-------- Source data
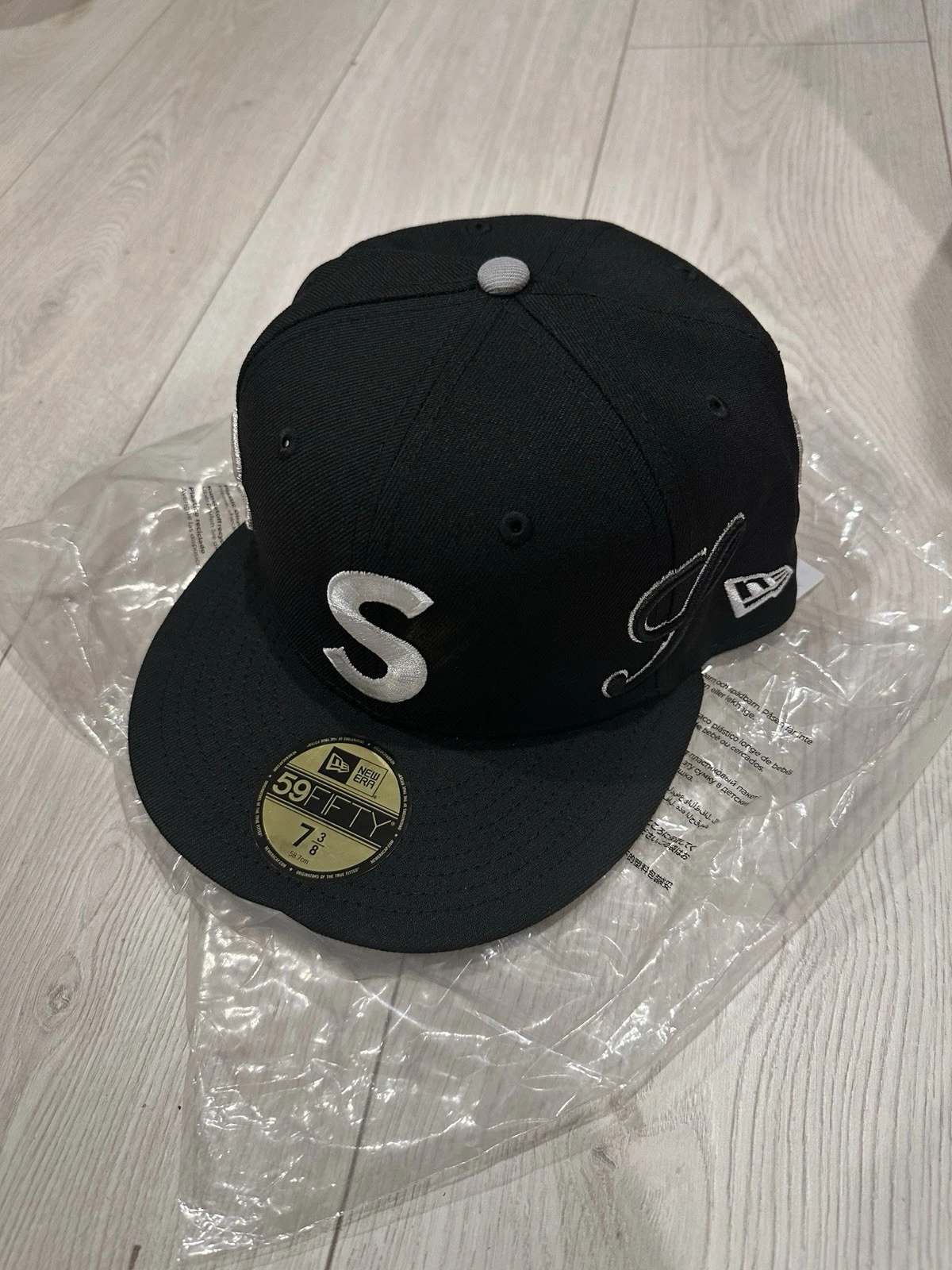 Chapeau Supreme X New Era brodé logo multi S taille 7 3/8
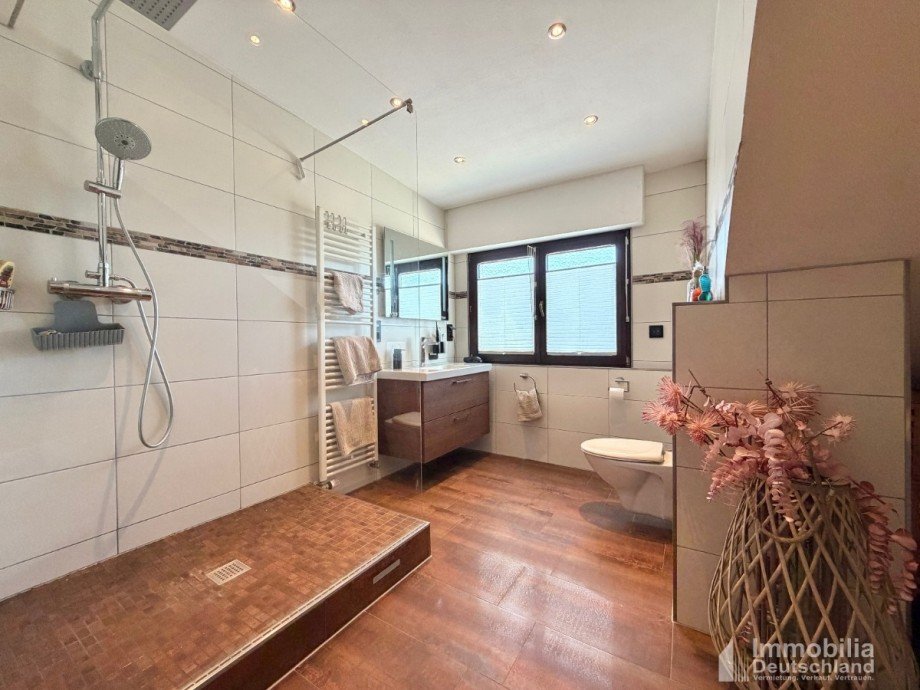 Tageslichtbad Dachgeschosswohnung L�nen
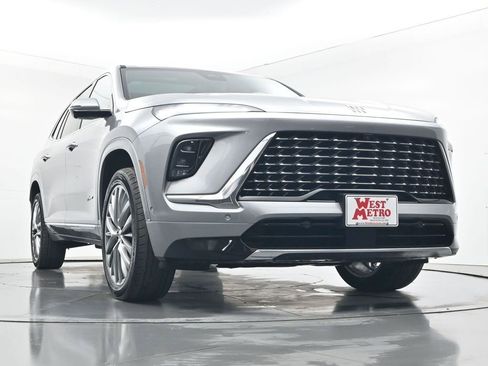 Used 2025 Buick Enclave Avenir w/ Super Cruise Package AWD/4WD image 32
----------------
**Aim of the task:** Restate the listing word for word, pictures omitted.

**Response below:**
 Chapeau Supreme X New Era brodé logo multi S taille 7 3/8
 Tageslichtbad Dachgeschosswohnung L�nen
 Used 2025 Buick Enclave Avenir w/ Super Cruise Package AWD/4WD image 32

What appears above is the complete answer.